Cabinet approves Panpaper revival

What you need to know:

  • Ministers approve new plan to re-open troubled paper miller

The Cabinet on Tuesday approved a plan to revive troubled Pan Paper Mills, Kenya’s only paper-manufacturing firm and East Africa’s largest.

Details of the plan remain sketchy, but the approval will be met with joy by the 1,600 workers who have been idle since the factory collapsed last year.

Webuye MP Alfred Sambu, who has been among leaders pleading with the government to revive the factory, told the Nation on Tuesday this move is a giant step towards the firm’s full revival.

“I am happy with it, and we can now move ahead and have everything back to normal,” he said in a brief telephone interview.

Pan Paper was closed in March, last year, under a mountain of debt, with its 1,600 permanent and 30,000 casual workers being sent home, the latter with 30 per cent pay.

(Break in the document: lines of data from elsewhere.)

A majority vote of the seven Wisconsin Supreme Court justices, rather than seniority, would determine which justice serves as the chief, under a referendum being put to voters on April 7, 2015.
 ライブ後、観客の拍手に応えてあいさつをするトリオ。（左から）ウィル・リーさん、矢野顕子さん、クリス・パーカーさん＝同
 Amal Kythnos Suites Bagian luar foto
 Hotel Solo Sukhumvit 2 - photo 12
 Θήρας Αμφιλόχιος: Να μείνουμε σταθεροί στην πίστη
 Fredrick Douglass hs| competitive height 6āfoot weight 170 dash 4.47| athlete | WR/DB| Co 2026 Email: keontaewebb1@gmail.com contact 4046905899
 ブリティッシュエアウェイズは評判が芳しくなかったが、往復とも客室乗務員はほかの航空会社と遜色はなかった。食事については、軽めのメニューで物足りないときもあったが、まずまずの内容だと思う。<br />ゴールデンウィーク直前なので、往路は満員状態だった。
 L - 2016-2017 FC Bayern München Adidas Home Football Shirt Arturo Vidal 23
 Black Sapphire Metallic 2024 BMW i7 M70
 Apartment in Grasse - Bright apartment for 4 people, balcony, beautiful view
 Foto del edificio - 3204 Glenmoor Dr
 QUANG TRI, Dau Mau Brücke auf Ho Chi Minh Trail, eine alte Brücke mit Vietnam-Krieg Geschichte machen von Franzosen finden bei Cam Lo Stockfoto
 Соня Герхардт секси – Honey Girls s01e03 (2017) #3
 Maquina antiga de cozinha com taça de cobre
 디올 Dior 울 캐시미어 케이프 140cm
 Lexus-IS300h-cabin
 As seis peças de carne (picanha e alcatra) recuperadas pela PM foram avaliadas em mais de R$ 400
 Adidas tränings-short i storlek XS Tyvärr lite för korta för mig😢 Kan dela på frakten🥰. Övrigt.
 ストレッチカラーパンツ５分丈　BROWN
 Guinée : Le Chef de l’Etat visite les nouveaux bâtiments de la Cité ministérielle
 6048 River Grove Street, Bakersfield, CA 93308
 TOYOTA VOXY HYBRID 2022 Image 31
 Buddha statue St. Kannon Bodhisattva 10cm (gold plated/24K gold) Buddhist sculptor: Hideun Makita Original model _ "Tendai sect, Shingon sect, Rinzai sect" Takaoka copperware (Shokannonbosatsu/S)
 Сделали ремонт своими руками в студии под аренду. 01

The electricity had also been disconnected due to a Sh209 million bill, but it has now been reconnected, and the firm is “selectively manufacturing” some paper, Mr Sambu said.

The cabinet last year passed a resolution on the plant’s reopening, but nothing seemed to have come of it by the end of the year.

In August, last year, the Kakamega-based Masinde Muliro University asked to be allowed to revive the company, but the proposal was rejected on the ground that the institution was yet to come up with a business plan for turning the plant around.

When it closed its doors, the firm needed about Sh2.2 billion for its revival, and Mr Sambu said he and his colleagues had asked for Sh1.6 billion.

But Treasury allocated Sh500 million during the reading of this financial year’s budget. The government would be expected to inject some Sh1.1 billion.

Mr Sambu said only three parts of the plant are working, the fourth having been vandalised. The money, he added, would be used to buy spares and have it working again soon.

“We are moving, and hope all will be well so we can invite the president to open it officially, hopefully next month,” he pointed out.

He said about 500 employees are back, most of them managers.

The first cabinet meeting in two and a half months also approved the ratification of the East African Community Common Market agreement.

The Kenyan cabinet is the second in the region to do so after Tanzania’s.